That is the trick behind a clean 95 percent. If the system gets the base item right almost every time and slips on one modifier in twenty, the order-level number still looks great, while the modifier-level number, the one your line cooks and your refund log actually feel, is meaningfully lower. The pages that currently rank for this topic quote numbers as high as 99 percent and describe modifiers as something the model simply hears and captures. Hearing is not the hard part.

The hard part is that a missed modifier is not symmetric with a missed item. Get the base wrong and the customer usually catches it on pickup. Get a modifier wrong and the food looks right, leaves the kitchen, and the failure surfaces at the worst possible moment: a remake when you are slammed, a refund, a one-star review, or a peanut on a plate that was supposed to have none.

The four ways a modifier goes wrong

Modifier failures are not all the same bug, and they do not all have the same fix. Sorting them is the first step to auditing any vendor honestly.

1. Omitted

The caller said it, the system dropped it. The ticket prints without the no-onion. Cheapest to catch if the agent reads the order back, which is why a verbatim confirmation step matters more than it sounds.

2. Invented

The system adds a modifier nobody asked for, usually by pattern-matching to a common combo. The customer paid for and receives something they did not order. This is the failure mode that a constrained, no-fabrication design exists to kill.

3. Misheard but plausible

"No cheese" becomes "no peas." The transcription reads fine and slides through every text-level check. This is the one a better audio model genuinely helps with, and the only one it helps with.

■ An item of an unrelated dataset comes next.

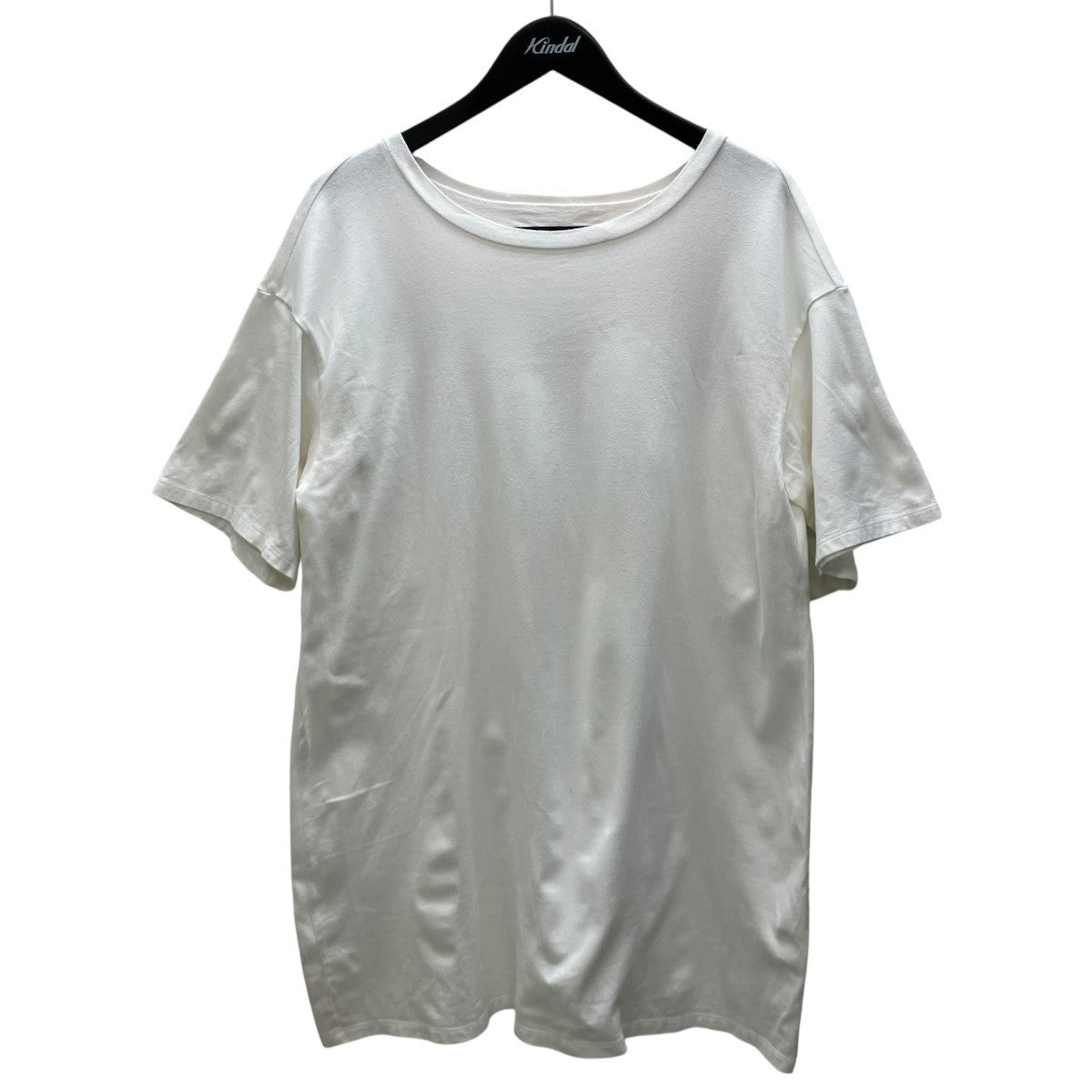 ダブルアームＴシャツ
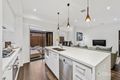 Property photo of 31 Newport Avenue Williams Landing VIC 3027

4. Heard correctly but unmappable

The system understood "extra ranch" perfectly, but there is no ranch modifier in your POS. So it lands as a free-text comment a line cook may never read, or the order is rejected and the caller hears dead air while it retries. Transcription was flawless. The ticket is still wrong. This is an architecture problem, and no audio upgrade touches it.

The lever is not the microphone, it is what the agent is allowed to do

Two systems can transcribe the exact same call perfectly and produce different tickets, because they differ in what happens after the words are understood. An open-vocabulary system writes whatever it heard into a note. A constrained system can only attach modifiers that already exist in your POS. Same audio, different ceiling.

Same perfectly-heard order, two architectures

# Generic voice AI: open-vocabulary transcription
# The model hears the words, then writes whatever it heard.

heard("light cheese, no cilantro, sub chicken for pork")
=> note = "light cheese, no cilantro, sub chicken for pork"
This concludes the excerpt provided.